This section describes how to download and process the Common Crawl data to arrive at a corpus.

Download the index

The script get_indexfiles.py can be used to download the index for a specific collection. The example below downloads the index for all pages in the .hu domain in January 2019:

get_indexfiles.py -q "*.hu" -o 2019/cc_index -l 2019_01.log -m 5 -c CC-MAIN-2019-04

Note that get_indexfiles.py is a replacement for the original get_indexfiles.sh.

Filter the index

Next, filter the index with the script filter_index.py:

filter_index.py 2019/cc_index/ 2019/cc_index_filtered/ -a commoncrawl-downloader2/allowed_mimes.txt -P 12

This script is a replacement for and an improvement on the original filter_index.sh. Being Python, it might be a little slower than the original though, hence the -P option for multiprocessing.

Index statistics

At any point while working with indices, you can query the index statistics like

index_statistics.py -i 2019/cc_index/ -o 2019/stats/index -P 12

This script writes 5 files:

  • urls.tsv lists the individual urls and their count
  • domains.tsv, statuses.tsv and mimes.tsv list the domains / status codes / mime types in the index, along with their count and percentage
  • stats.tsv contains general statistics, such as the total number of documents

Index deduplication

Once the index is filtered, it should be deduplicated, because the same URLs are re-downloaded time and again (as many times as 240 in 4 month). The first step is to collect all URLs we have already downloaded in a previous batch. For example, if we already have the (deduplicated) URLs of the previous year, we should do something like this first:

zcat 2018/cc_index_dedup/*.gz | cut -d' ' -f2 | sort | gzip > 2018_index_urls.gz

or, parallelly,

ls *.gz | parallel -j12 -k "zcat {} | cut -d' ' -f2 " | sort | gzip > ../2018_index_urls.gz

Alternatively, the URLs can be extracted from an already existing corpus:

extract_attributes.py -i 2018/cc_corpus/ -a url -o 2018_urls.tsv.gz -P 12 2> /dev/null

Generally, it is better to collect the list from the index, because the corpus might already have been filtered (based on language, length, etc.), which means a lot of URLs that we have downloaded and discarded don't appear in it, so we'll just re-download them again.

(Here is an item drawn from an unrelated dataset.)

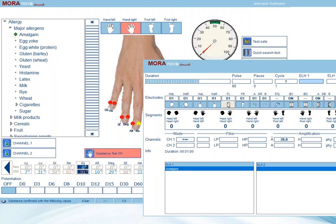To test native substances, it works exactly the same way: place the native substance in the beaker, test for improvement, amplify, and go to therapy. The only difference is that the ELH at the bottom here will not display the substance name.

Once the list of URLs to skip is complete, the index can be deduplicated like

deduplicate_index_urls.py -i 2019/cc_index_filtered/ -o 2019/cc_index_dedup/ -s 2018_index_urls.gz -k biggest

Note: unfortunately, loading the old URLs takes a very long time... also, the script runs in a single process as Python's shared memory performance is abysmal.

Download pages

Pages in the (filtered, deduplicated) index can be downloaded by the command

download_pages.py -o 2019/cc_downloaded -e warc.gz -i '2019/cc_index_dedup/*.gz'

This step takes a while, so it make sense to distribute the work among a cluster of machines. However, it is a bit more involved than distributing other scripts, as this one has been inherited from the old repository. The differences are:

  1. The script requires a glob (possibly wildcard) expression that expands to a list of input files, and not an input directory. So the place of the host name in the value to the -i argument must be specified manually (with {}, see below)
  2. The number of processes must be set to 0. This eliminates the -P argument from the Python command line. We need to do this because first, -P means something else in download_pages.py, and second, the script uses threads anyway.
ansible-playbook -i hosts distribute_files.yml -e
    '{"input_dir": "/mnt/data/lang/Hungarian/cc_corpus/2019/cc_index_dedup",
      "output_dir": "/mnt/data/lang/Hungarian/cc_corpus/2019"}'

ansible-playbook -i hosts python.yml -e
    '{"python_script": "download_pages.py",
      "log_file": "2019_download.log",
      "working_dir": "/mnt/data/lang/Hungarian/cc_corpus/",
      "arguments": "-o $output_dir -e warc.gz -i $input_glob",
      "per_host_args": {"input_glob": "\"2019/cc_index_dedup_{}/*.gz\"",
                        "output_dir": "2019/cc_downloaded/"}, "processes": 0}'

Remove boilerplate

Boilerplate code is removed with justext, which also splits the data into paragraphs. The script to run is remove_boilerplate.py. Since we have already split up the data between hosts, we can distribute boilerplate removal as well.

ansible-playbook -i hosts python.yml -e
    '{"python_script": "remove_boilerplate.py",
      "log_file": "2019_remove_boilerplate.log",
      "working_dir": "/mnt/data/lang/Hungarian/cc_corpus/",
      "arguments": "-i $index -w $warc -o $output",
      "per_host_args": {"index": "2019/cc_index_dedup/",
                        "warc": "2019/cc_downloaded/",
                        "output": "2019/cc_corpus/"}}'

After boilerplate removal, the corpus is in its final format. However, to increase its quality, we also filter out certain pages: those not in Hungarian and those shorter than 1500 characters.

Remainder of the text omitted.